Exercise material:
___
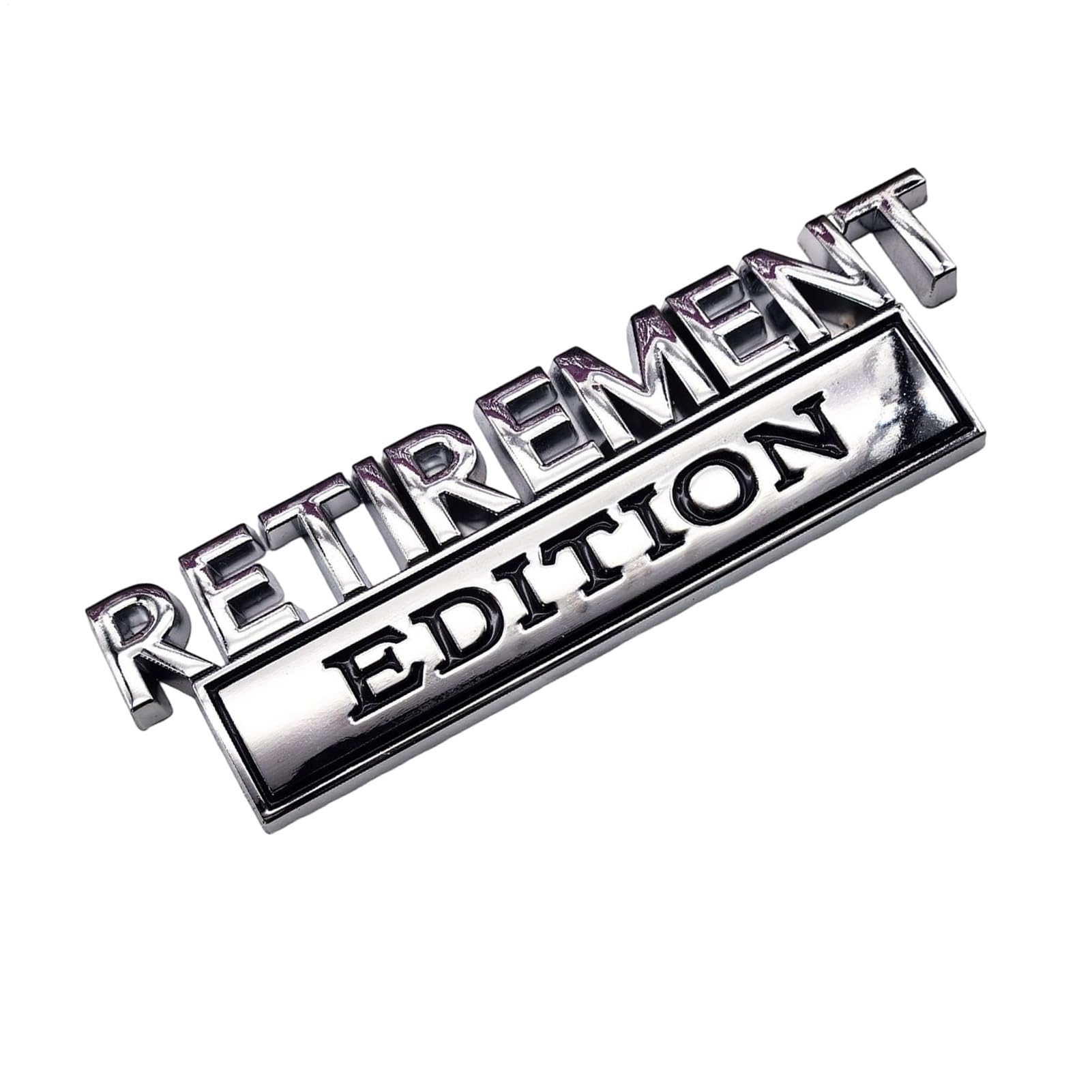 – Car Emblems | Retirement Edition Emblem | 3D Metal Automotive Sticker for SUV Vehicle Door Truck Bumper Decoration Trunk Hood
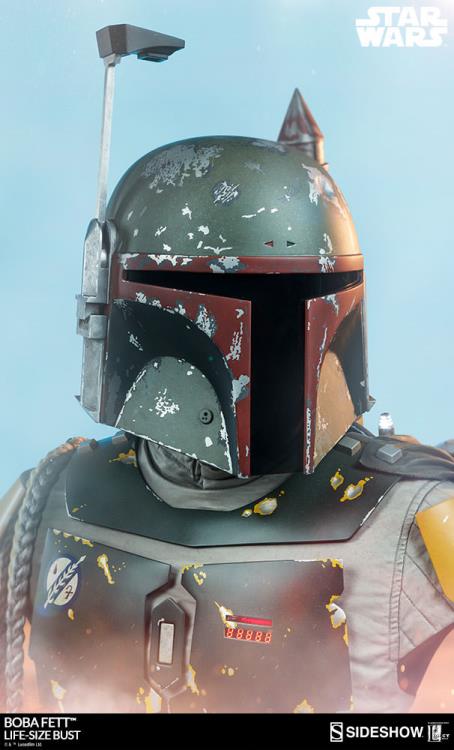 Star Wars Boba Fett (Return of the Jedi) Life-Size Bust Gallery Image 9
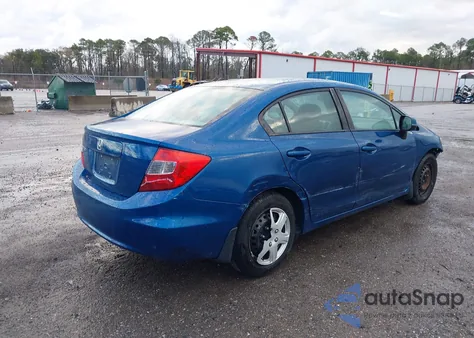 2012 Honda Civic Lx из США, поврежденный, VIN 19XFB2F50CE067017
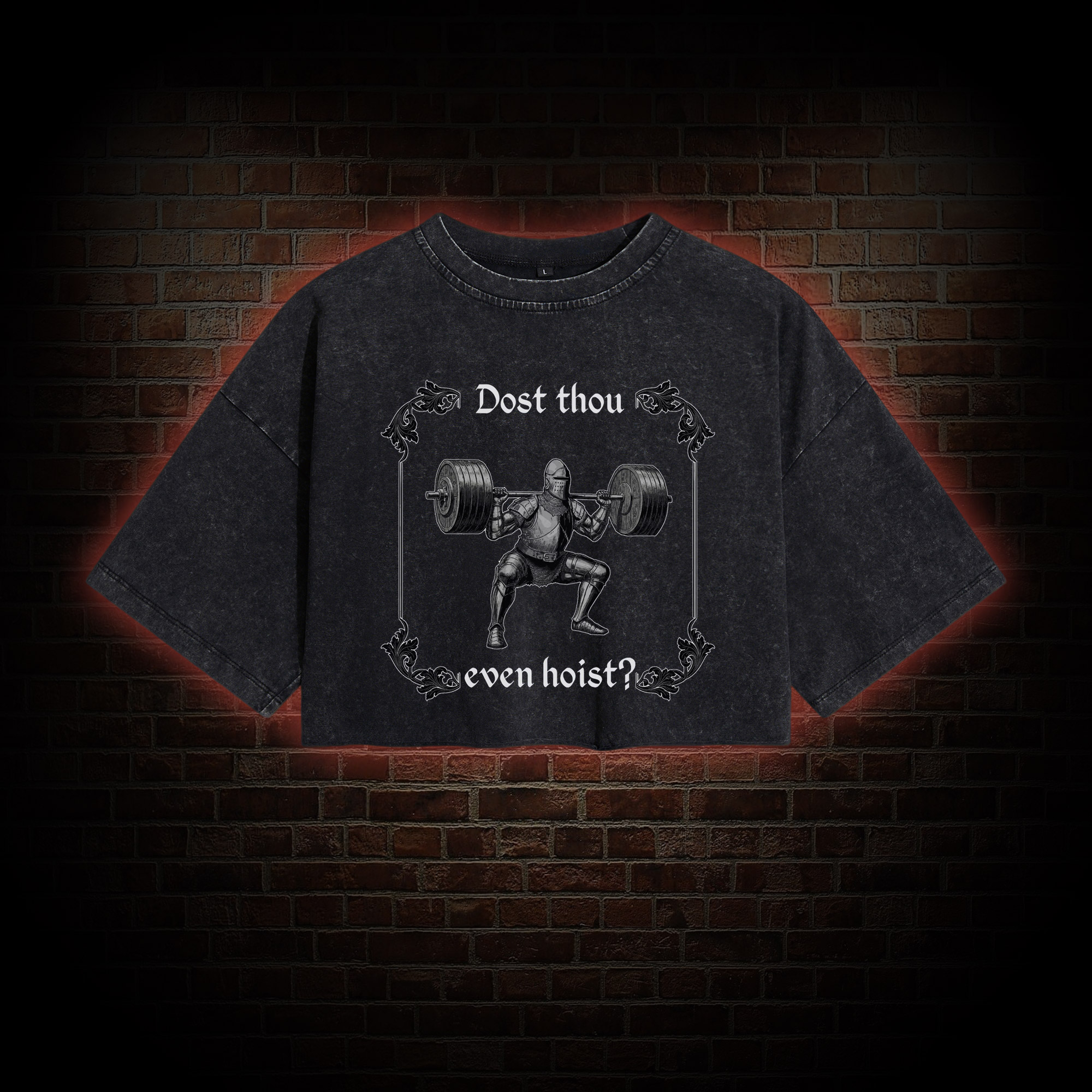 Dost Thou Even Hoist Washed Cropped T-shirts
___
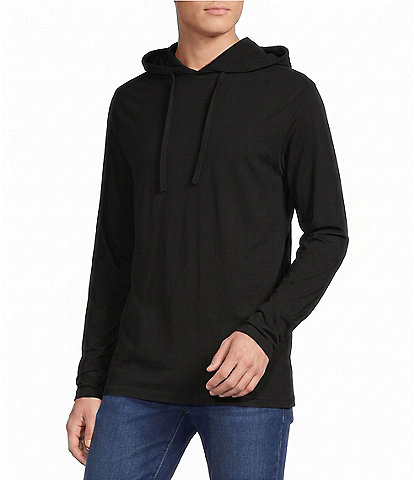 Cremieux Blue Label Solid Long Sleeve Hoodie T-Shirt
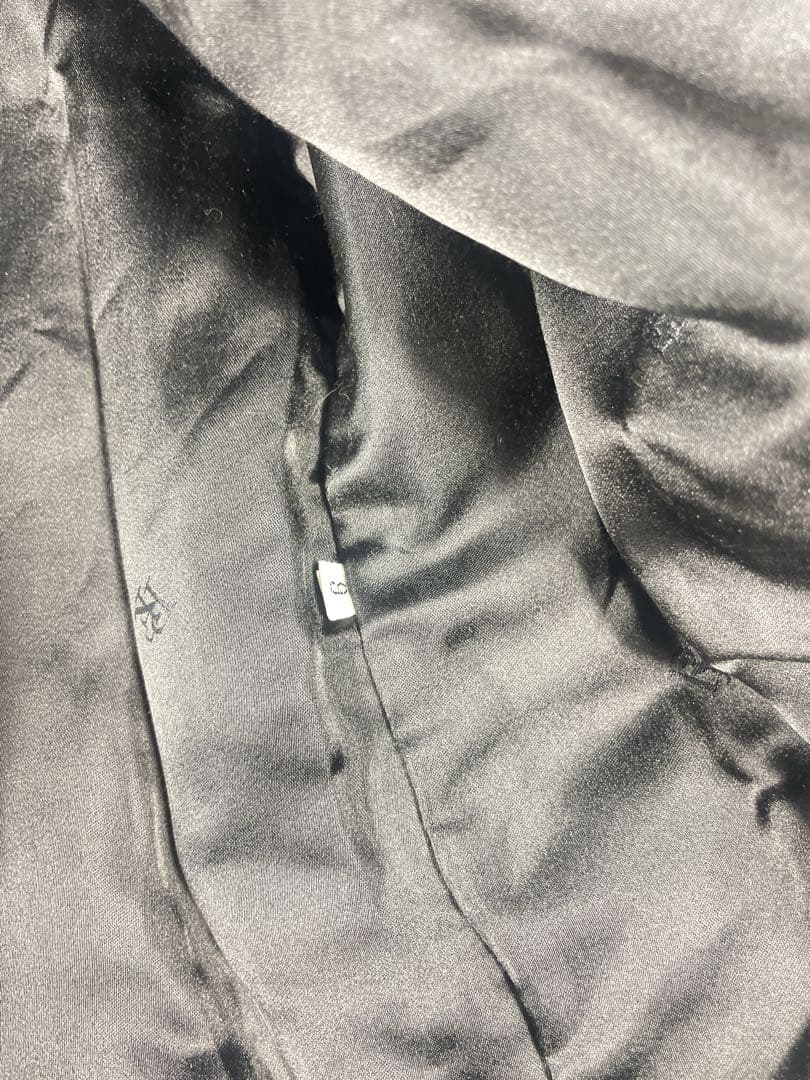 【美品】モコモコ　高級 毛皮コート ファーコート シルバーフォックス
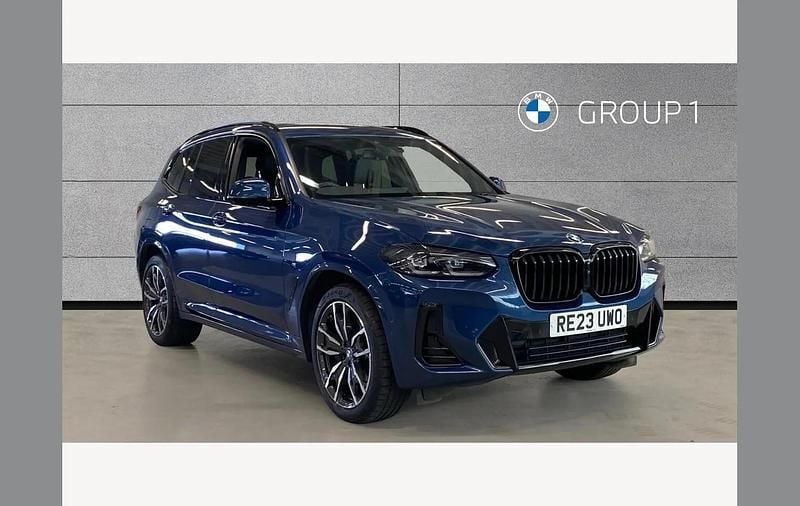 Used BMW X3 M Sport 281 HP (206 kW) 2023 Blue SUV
___
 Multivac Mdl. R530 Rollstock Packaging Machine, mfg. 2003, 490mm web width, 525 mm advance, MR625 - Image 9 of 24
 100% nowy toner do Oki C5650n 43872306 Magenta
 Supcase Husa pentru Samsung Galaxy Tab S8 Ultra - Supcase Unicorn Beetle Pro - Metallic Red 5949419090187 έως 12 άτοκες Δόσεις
___
Exercise directions: Given the entries above, transcribe exactly the lines from the one holding "毛皮コート ファーコート シルバーフォックス" through the one holding "Used BMW X3"; pictures do not belong in the transcription.

Answer box:
 【美品】モコモコ　高級 毛皮コート ファーコート シルバーフォックス
 Used BMW X3 M Sport 281 HP (206 kW) 2023 Blue SUV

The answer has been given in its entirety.